Now, think of a software application as the kitchen. It has all the ingredients and tools needed to prepare the food perform tasks or provide services. But just like you can’t walk into the kitchen and start cooking without knowing what ingredients are available or how to use the equipment, other software programs can’t interact with the application without some guidance.

That’s where the menu, or API, comes in. It’s like a list of options that tells other software programs how they can communicate with the application. It defines what requests they can make and what responses they can expect. So, instead of having to understand all the inner workings of the kitchen (the software application), other programs can simply use the menu (API) to order what they need.

For example, let’s say you have a weather app on your phone. That app gets its weather data from a weather service’s API. When you open the app, it sends a request to the weather service’s API, asking for the current weather in your area. The API then processes that request and sends back the relevant weather information, which the app displays to you.

Created by Kinomoto.Mag with Midjourney

Text generation before transformers

Let’s understand that while generative algorithms are not a new concept, the technology behind them has evolved over time. Previous generations of language models relied on something called recurrent neural networks (RNNs). These were powerful for their time but had limitations, particularly in terms of the amount of computing power and memory required to perform well at generative tasks.

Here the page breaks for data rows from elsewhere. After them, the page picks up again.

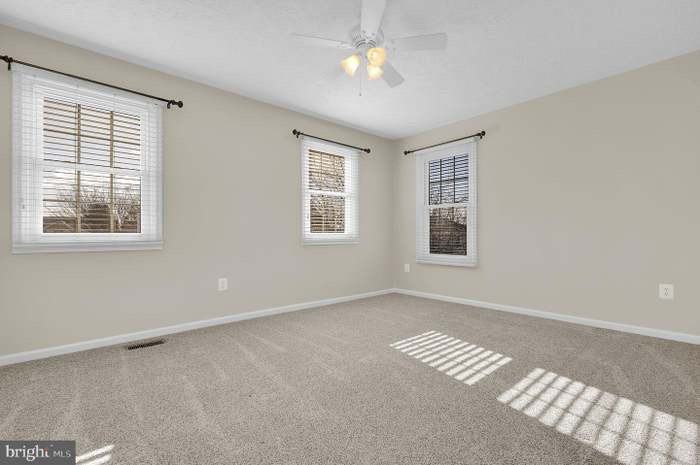 6209 Derby Dr - Photo 2 of 19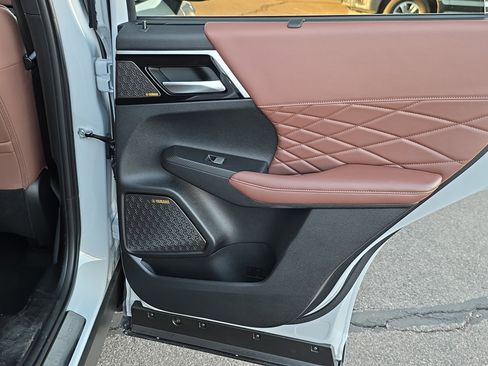 New 2026 Mitsubishi Outlander SEL FWD image 31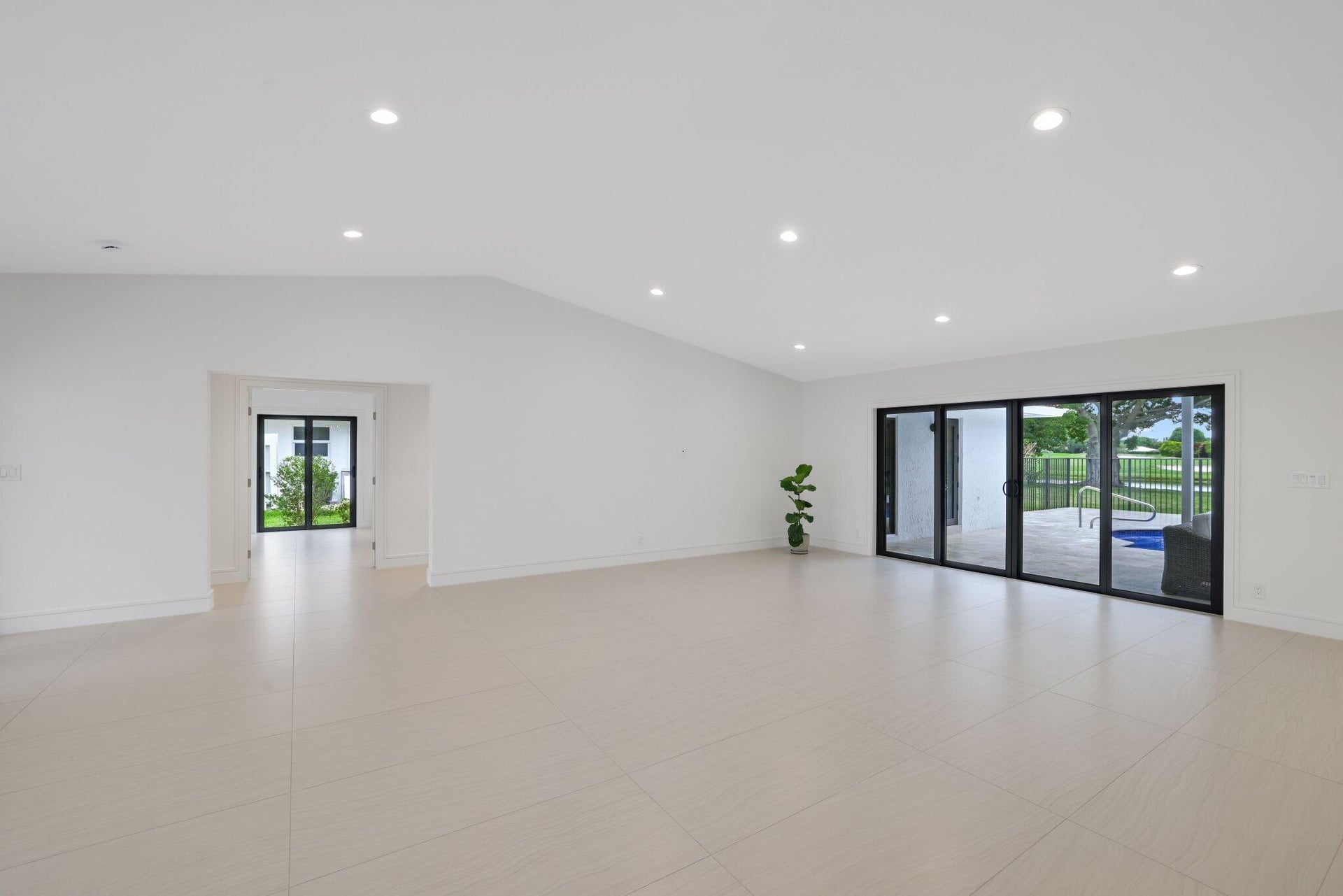 Residence photo 11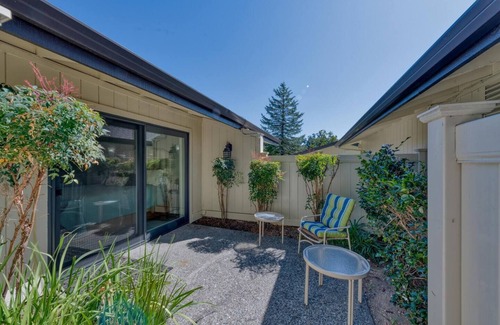 Napa Condo | Stunning View Silverado 2 BD Condo on Golf Course w/Pool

Imagine you have an RNN trying to predict the next word in a sentence. With only one previous word to work with, its prediction might not be very accurate. As you try to make the RNN look at more preceding words, you need to allocate significantly more resources, but even then, the model might still struggle to make accurate predictions.

The challenge lies in the complexity of language. Words can have multiple meanings, and understanding them often requires looking at the whole context of the sentence or even the entire document. For example, the word “bank” could refer to a financial institution or the side of a river, and its meaning depends on the context.

This complexity led to a breakthrough in 2017 with the introduction of the transformer architecture, famously described in the paper “Attention is All You Need” by Google and the University of Toronto. This new approach changed the game for generative AI. The transformer architecture is efficient, capable of processing large datasets, and most importantly, it learns to pay attention to the meaning of words as it processes them.

In essence, attention is all you need, as the title of the paper suggests. This shift in architecture paved the way for the advancements we see in generative AI today.